New wage rates approved by Western Visayas Board


By Mark L. Garcia

Bacolod City — Good news for minimum wage earners in Western Visayas.

Workers fix steel bars on the girder as part of the expansion work on Maa bridge along the Diversion Road in Davao City. Road expansion and other construction projects are a common sight in the city, which is now considered as one of the fastest growing cities in the country. (Keith Bacongco|Manila Bulletin) (Keith Bacongco|Manila Bulletin file photo)

The Regional Tripartite Wages and Productivity Board announced that the daily minimum wage rates will increase by P13.50 and P41.50 for all types of workers respectively in Western Visayas this year.

RTWPB Chair and Department of Labor and Employment Regional Director Johnson Cañete announced this Monday afternoon at the Sugar Workers Development Center in DOLE Compound here, and he hopes that it will be implemented in August after it will be screened by the central office.

During the media briefing, Cañete said that minimum wages in the non-agricultural, commercial, and industrial business establishments employing more than 10 workers will increase from P323.50 to P365 this year, an additional of P26.50 to the salaries plus P15 cost of living allowance (COLA).

For non-agricultural, commercial, and industrial business establishments employing less than 10 workers, an additional P18.50 plus P5 COLA will be implemented to their minimum wages that will make employees’ salaries to P295 from the current P271.50.

The wage order, Cañete said, also unified the plantation and non-plantation subcategories for agricultural sector and increased the salaries to P295 including a P5 COLA.

This means that the previous plantation workers’ wages will increase by P13.50 (from P281.50), and non-plantation workers by P23.50 (from P271.50).

In the sugar industry enterprise, COLA will only be added during milling season, Cañete said, adding that if the new wage order will be implemented, COLA will only be added after six months in time with the milling starts.

The wage order will be passed to the National Wages and Productivity Commission to be corrected if there are technical errors and will be given to the office of Secretary Silvestre Bello afterwards.

He said that a meeting on either June 17 or 18 was also set by the NWPC about the new wage order the RTWBP has made.
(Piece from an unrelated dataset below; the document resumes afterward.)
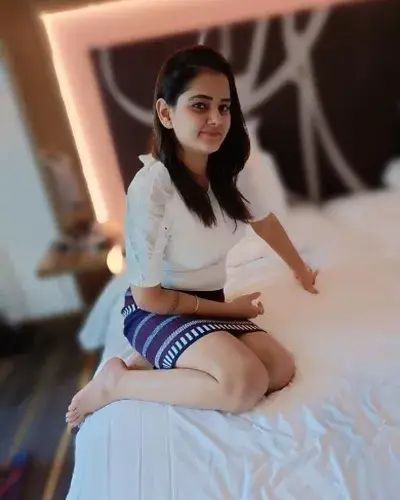 Call Girls Tseminyu Cash On Delivery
Basing on the records of the Philippine Statistics Authority, about 60,000 business establishments are expected to follow this new order, he added. If implemented, it will be the 24th wage order for Western Visayas.

Above poverty threshold This new wage order was implemented after the Philippine Agricultural, Commercial, and Industrial Workers Union-Trade Union Congress of the Philippines (PACIWU-TUCP) presented a petition January this year for a P130 to P150 daily wage increase.

In earlier months, RTWPB conducted series a of consultations and public hearings in the provinces around the region before the members of the wage board held a deliberation in Bacolod City on June 6 and June 8.

Cañete said that this increase in wages was agreed by both labor and management representatives in the RTWPB where both parties presented their proposals and consolidated them for the board to create the Wage Order No. 24.

He said that the increase in minimum wages is above the poverty threshold as measured by the National Economic and Development Authority, which is at P289 per day.

Poverty threshold is the minimum income/expenditure required for a family/individual to meet the basic food and non-food requirements, according to the Philippine Statistics Authority website.

“With this new wage order, we will not be below the poverty threshold but we also made sure that it would not reach P400 as it would violate its essence as the employers will have no capacity to answer the labor’s demand,” he said.

‘Lighten the burden’

RTWPB Labor Representative Wennie Sancho also said in a statement that even if the new wage order will not establish a sufficient economic condition for the needs of all the workers in the region, it will lighten their economic burden of about 1.1 million workers.

“The labor sector agreed with the collective decision of the board as we are aware that this is the best we could do, under the present circumstances,” Sancho said, who is also the secretary-general of General Alliance of Workers Association-Negros Island.

He said that the increase in salaries will also give “immediate relief” amid the worsening economic conditions brought by the tax reform for acceleration and inclusion (TRAIN) law implementation this year.

Cañete said he hopes that the wage hike will also lighten the burden of the minimum wage earners in the region as the people felt the increase of prices of goods, adding that various government agencies have already expressed that TRAIN should not be blamed of these issues.

Apart from lightening the burden, the DOLE regional director also hopes that productivity will also get a boost with the new wage order.